[Material to process — start]

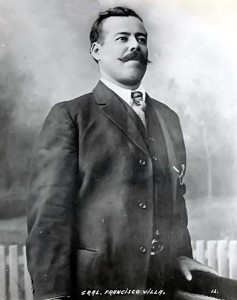 2.Foto oficial de Villa como Gobernador de Chihuahua.1913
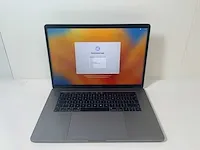 Apple macbook pro 15.4”, core(tm) i9 8th gen, 32 gb ram, 500 gb nvme, amd radeon pro 560x 4 gb laptop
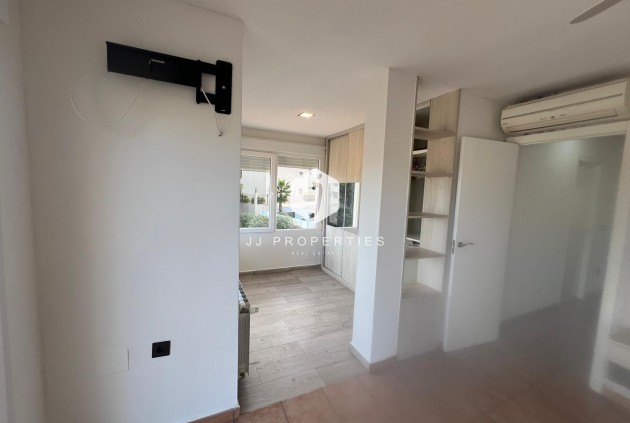 Tweedehands - Villa -
Orihuela Costa - Villamartín-las Filipinas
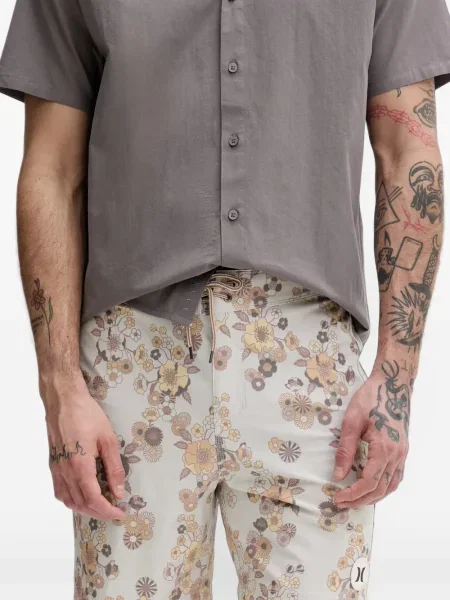 Pantaloni scurți Hurley cu model floral cu imagine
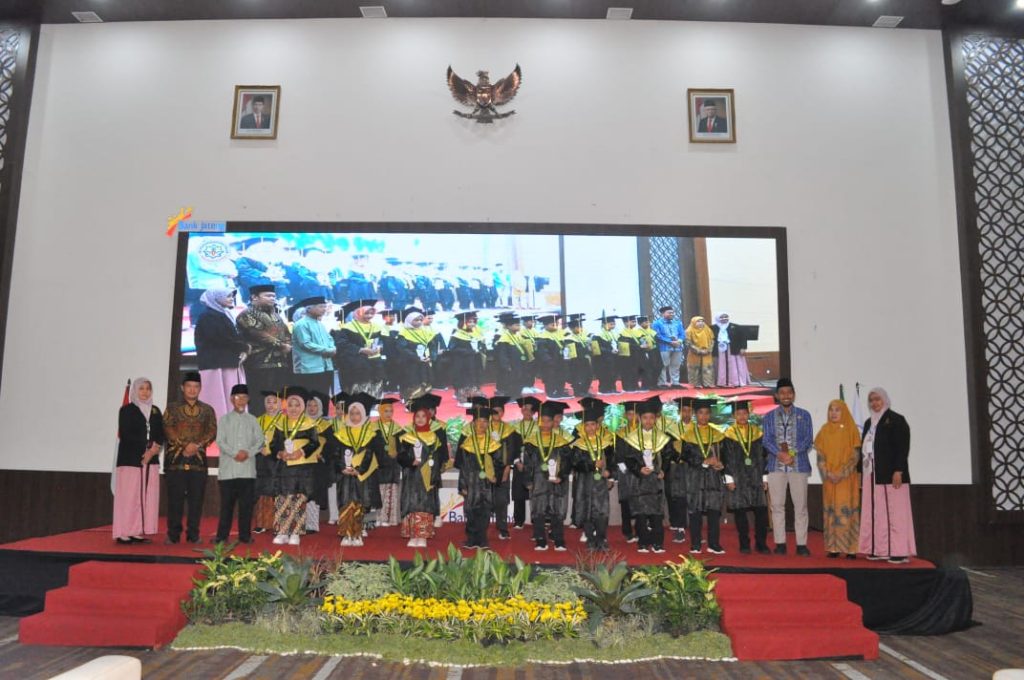 SD Muhammadiyah Palur Adakan Akhirussanah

[Material to process — finish]

Verbatim output, no pictures: the line holding "Apple macbook pro" and all lines after it through the last line of the material, with nothing else.

 Apple macbook pro 15.4”, core(tm) i9 8th gen, 32 gb ram, 500 gb nvme, amd radeon pro 560x 4 gb laptop
 Tweedehands - Villa -
Orihuela Costa - Villamartín-las Filipinas
 Pantaloni scurți Hurley cu model floral cu imagine
 SD Muhammadiyah Palur Adakan Akhirussanah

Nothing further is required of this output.